• Bodegón de las afueras
      

Bodegón de las afueras

Entre los mundos artísticos personales aparecidos durante los años cincuenta en España, uno de los más personales y diferenciados del resto de los compañeros de generación es el de Antonio López, por diversos motivos. Pero si hubiera que destacar el más llamativo, sería en primera instancia su perseverancia en practicar un estilo figurativo cuando la tendencia moderna por antonomasia en aquella década era el deslizamiento, con mayor o menor profundidad, hacia la abstracción.

Hoy consideramos aquella orden de alejamiento de lo real-reconocible simplemente como un aspecto más de lo moderno, y no ya como la única expresión posible de la modernidad. Los tópicos y las ideologías –no precisamente estéticas– determinaron que lo figurativo constituía una resistencia a evolucionar en la dirección correcta, cuando no una práctica regresiva y reaccionaria. Con el fin de los absolutismos ideológicos y el acabamiento de las verdades indiscutibles hemos venido a darnos cuenta de que la modernidad en arte se expresaba de múltiples maneras, y la de Antonio López era una de ellas.

En este bodegón campestre, contemplado desde las afueras de una ciudad cuyas luces nocturnas se observan en el horizonte, López incorpora un ramo de flores, el retrato enmarcado de una mujer, un frutero y algún naipe sobre una superficie situada en los aledaños de una casa baja de arquitectura encalada. La normalidad de la escena, sin embargo, tiene algo de ensueño, de recuerdo a punto de difuminarse en una vibración o temblor que parece proceder de la urbe distante, pero en la que el artista se introduciría para pintar sus calles y edificios, pocos años después.

La sección de «Artistas vascos modernos» concluye con un bodegón de José M.ª Ucelay ejecutado dos décadas más tarde que este de López. Resulta curioso constatar los contrastes: uno es interior, el otro exterior; uno es opulento, el otro discreto; uno es barroco, nítido y exuberante, el otro hurga en el difuso realismo intimista; uno visiona –a través de la ventana– el arcádico paisaje fluvial, el otro las chispeantes luces de una urbe; uno trae lo fugaz mediante la presencia de un periódico diario, el otro la ausencia permanente de la mujer en la fotografía.
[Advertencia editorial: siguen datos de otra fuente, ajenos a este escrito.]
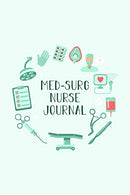 Med-Surg Nurse Journal: Funny Nursing Theme Notebook - Includes: Quotes From My Patients and Coloring Section - Graduation And Appreciation Gift For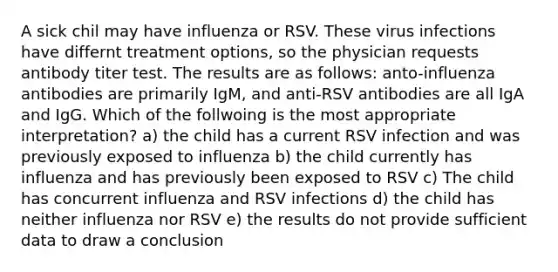 A sick chil may have influenza or RSV. These virus infections have differnt treatment options, so the physician requests antibody titer test. The results are as follows: anto-influenza antibodies are primarily IgM, and anti-RSV antibodies are all IgA and IgG. Which of the follwoing is the most appropriate interpretation? a) the child has a current RSV infection and was previously exposed to influenza b) the child currently has influenza and has previously been exposed to RSV c) The child has concurrent influenza and RSV infections d) the child has neither influenza nor RSV e) the results do not provide sufficient data to draw a conclusion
Ambos coinciden en dar entrada a elementos que unen el azar, el juego, la estrategia y la fortuna: Ucelay con la escopeta de caza y López con el naipe del dos de copas.

En 1957 Antonio López tenía 21 años y observaba las luces nocturnas de la ciudad instalada en el horizonte desde una distancia no sólo física, sino también ideológica. Era un muchacho de origen rural que se sentía fuera de la gran urbe a la que había llegado ocho años antes. Más tarde se adentraría en ella, física y conceptualmente, para pintarla pero en este momento, con la elección de un lenguaje realista y dos asuntos tan tradicionales como el paisaje y el bodegón, también parecía verse a sí mismo lejos de que lo que en 1957 resultaba imperativo para considerarse un artista moderno: practicar el informalismo o la abstracción. El lenguaje que aquí apreciamos no es aún el que le reportaría reconocimientos posteriores, sino el de un joven que, entre dudas y deseos, con gesto desfigurado y borroso, se preguntaba cuál sería su camino, el que le conduciría a la ciudad y a su plenitud artística.